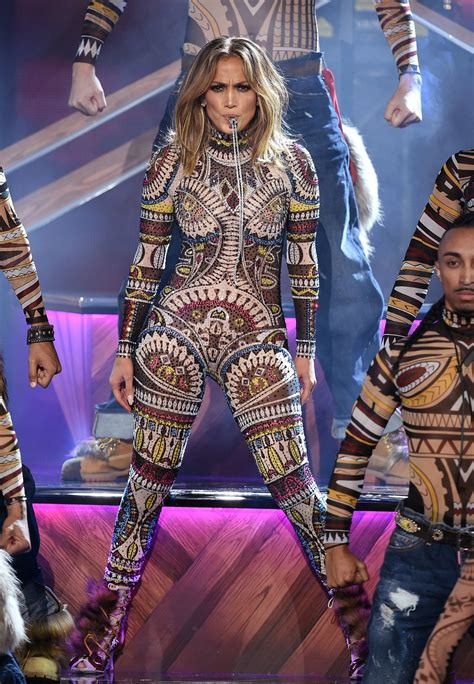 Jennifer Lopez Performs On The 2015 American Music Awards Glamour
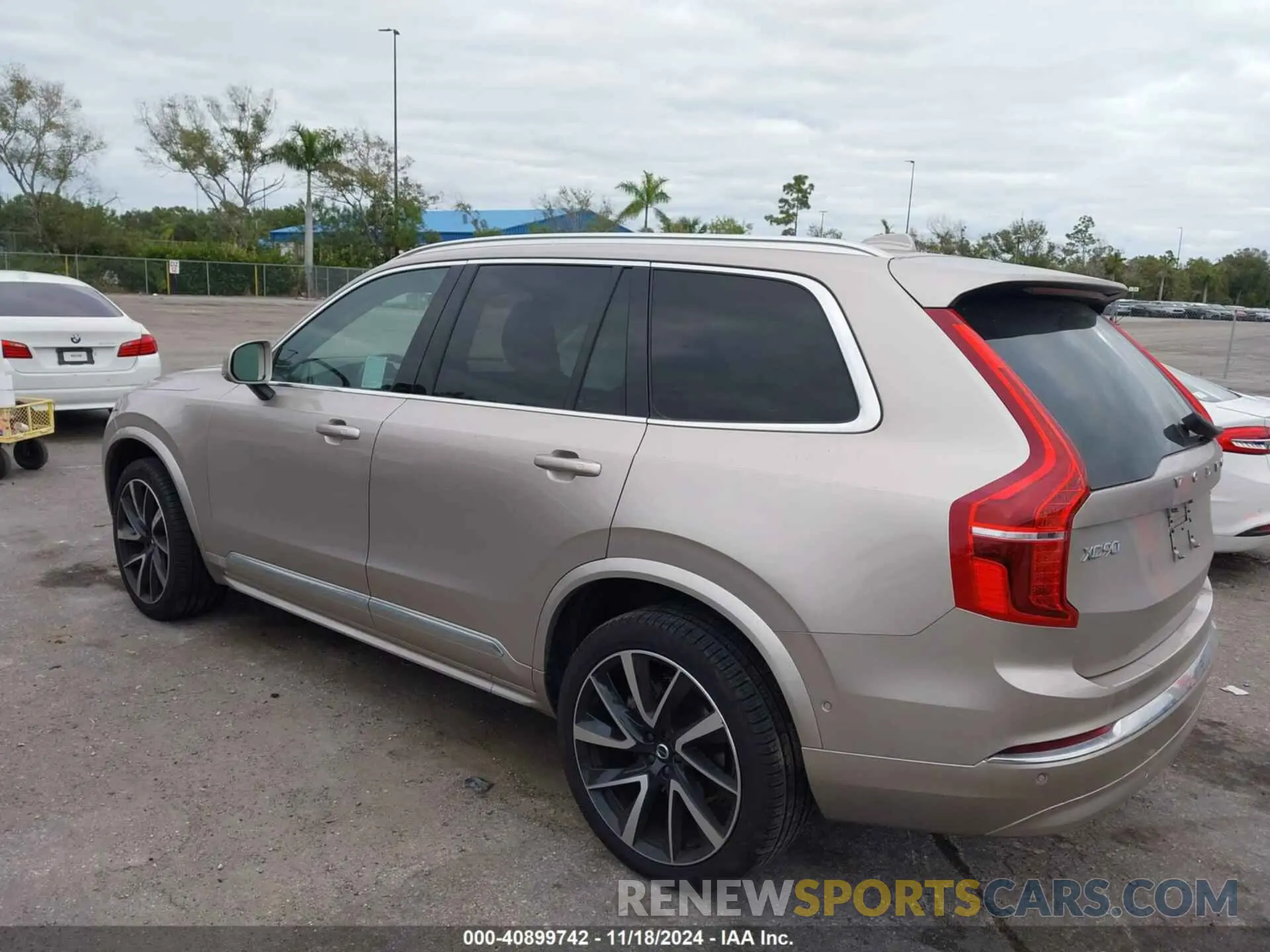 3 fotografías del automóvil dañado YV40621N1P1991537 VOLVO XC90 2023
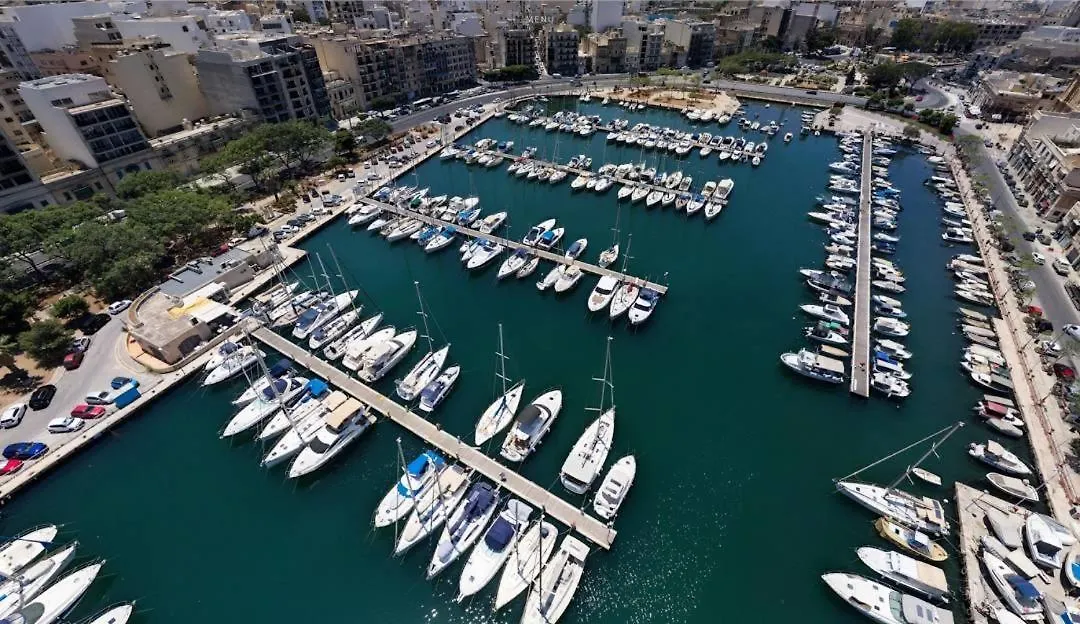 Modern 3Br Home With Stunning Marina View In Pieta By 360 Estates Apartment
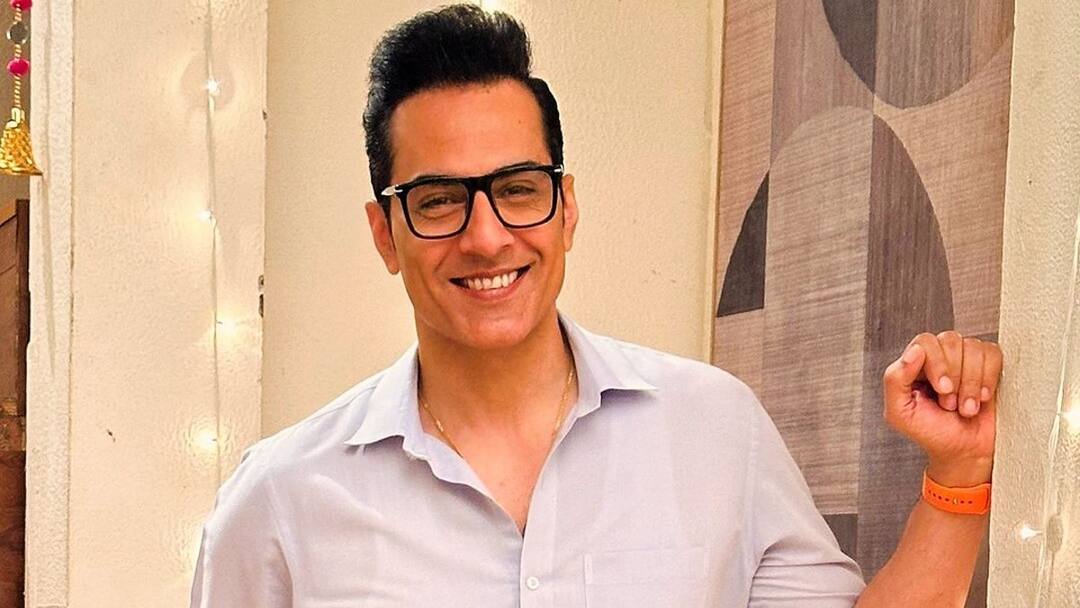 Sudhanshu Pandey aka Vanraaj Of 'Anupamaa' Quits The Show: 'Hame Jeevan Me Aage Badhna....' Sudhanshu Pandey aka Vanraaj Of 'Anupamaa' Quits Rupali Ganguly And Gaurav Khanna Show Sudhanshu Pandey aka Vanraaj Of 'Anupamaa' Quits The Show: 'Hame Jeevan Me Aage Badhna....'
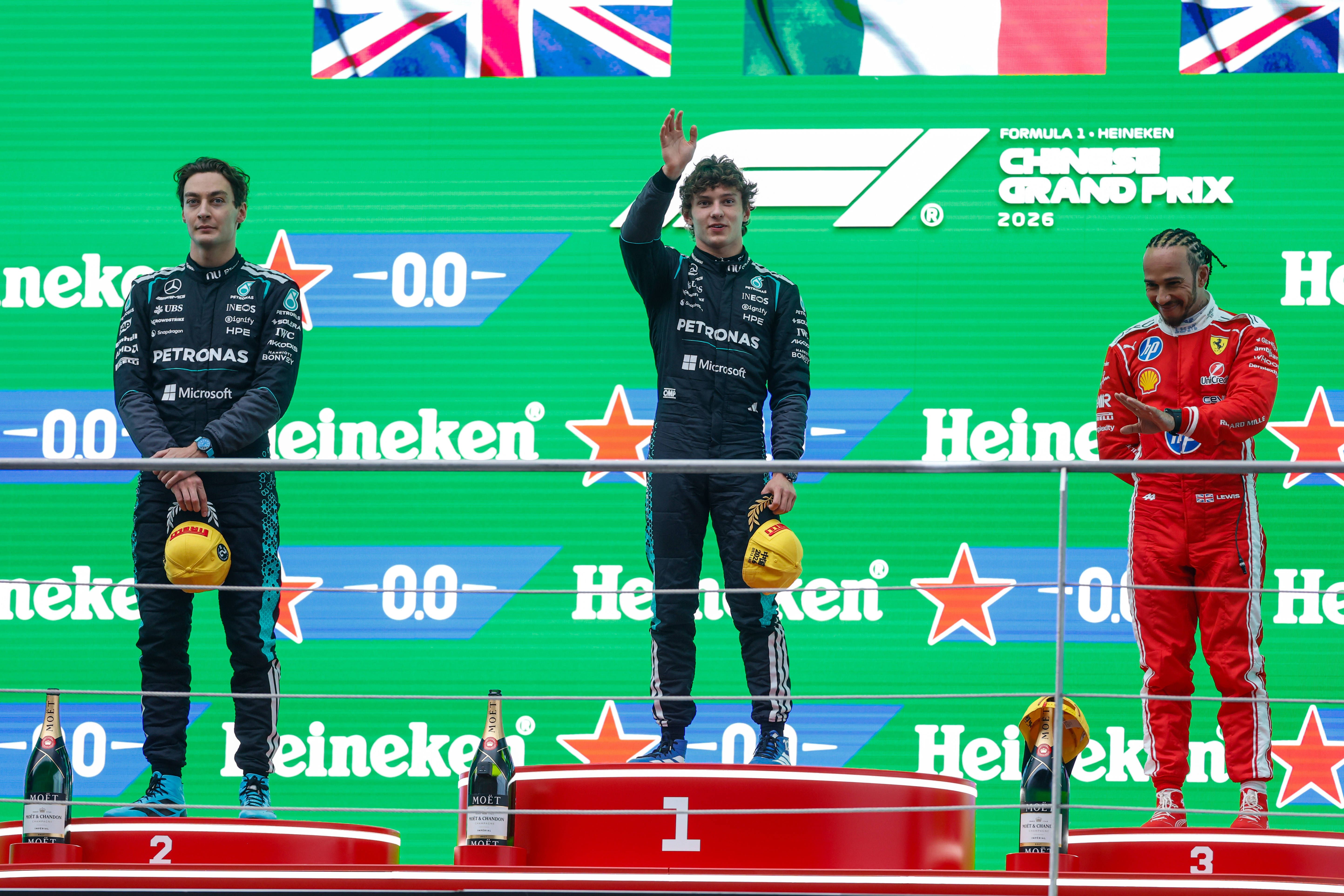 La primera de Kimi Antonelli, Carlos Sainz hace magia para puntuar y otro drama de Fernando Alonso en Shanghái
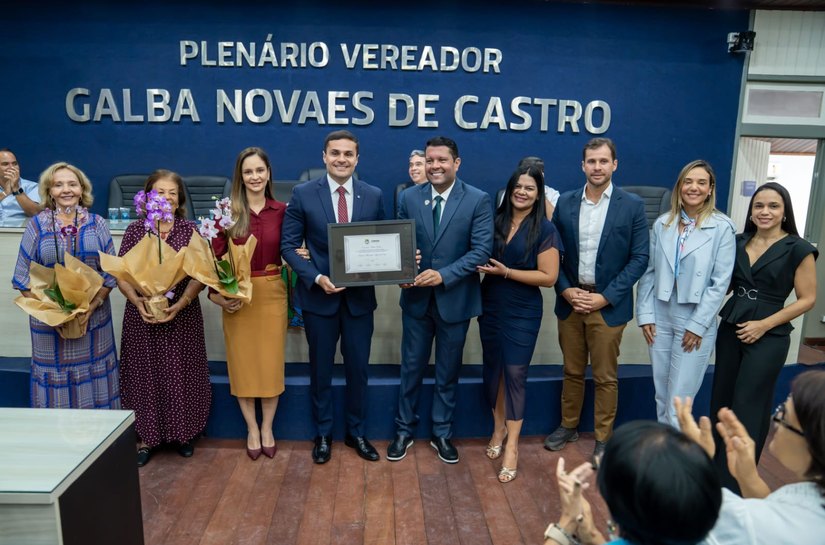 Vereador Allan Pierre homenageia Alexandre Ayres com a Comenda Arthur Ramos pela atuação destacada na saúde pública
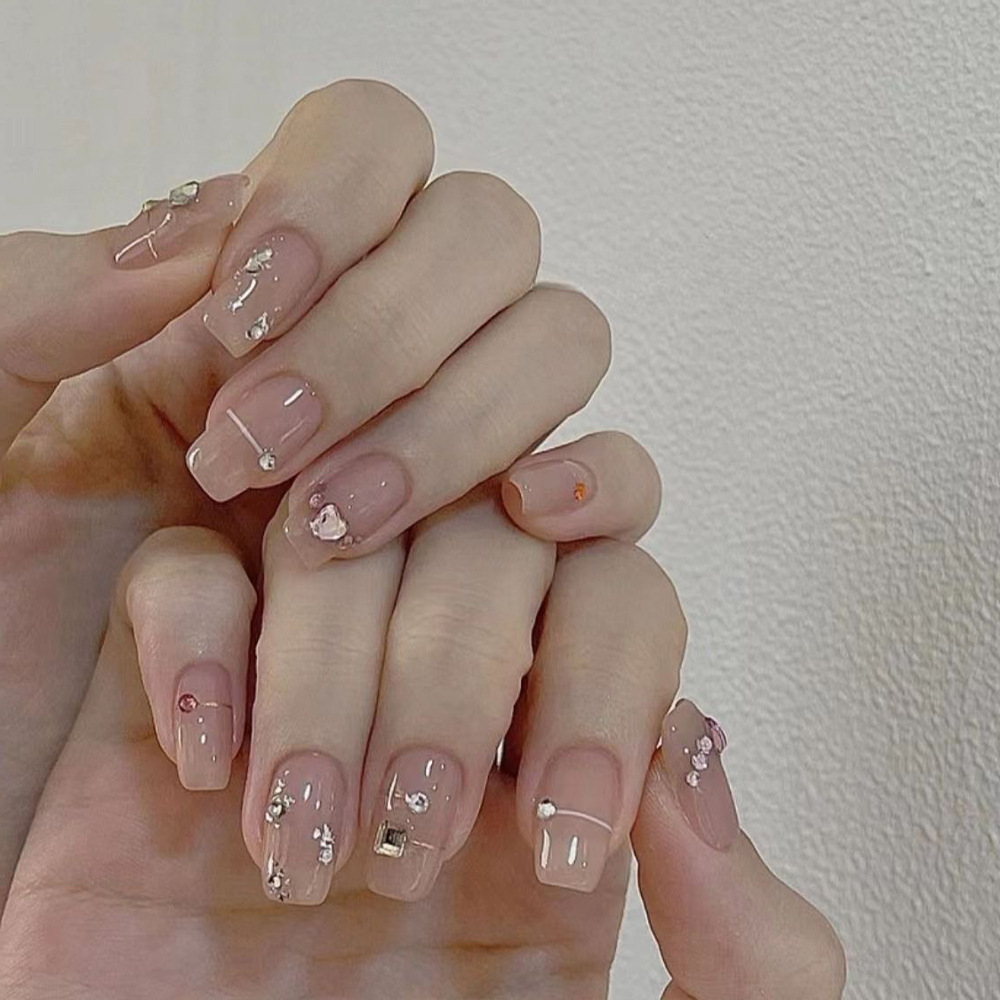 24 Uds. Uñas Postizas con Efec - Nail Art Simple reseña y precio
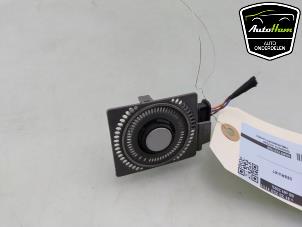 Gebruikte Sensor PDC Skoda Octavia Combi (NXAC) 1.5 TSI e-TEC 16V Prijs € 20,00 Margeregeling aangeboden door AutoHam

■ **INSTRUCTIONS TO FOLLOW**:
Give back, exactly as written, the lines from the top of the material above to the line containing "Modern 3Br Home", both included; skip every picture.

■ **ANSWER SECTION**:
 Jennifer Lopez Performs On The 2015 American Music Awards Glamour
 3 fotografías del automóvil dañado YV40621N1P1991537 VOLVO XC90 2023
 Modern 3Br Home With Stunning Marina View In Pieta By 360 Estates Apartment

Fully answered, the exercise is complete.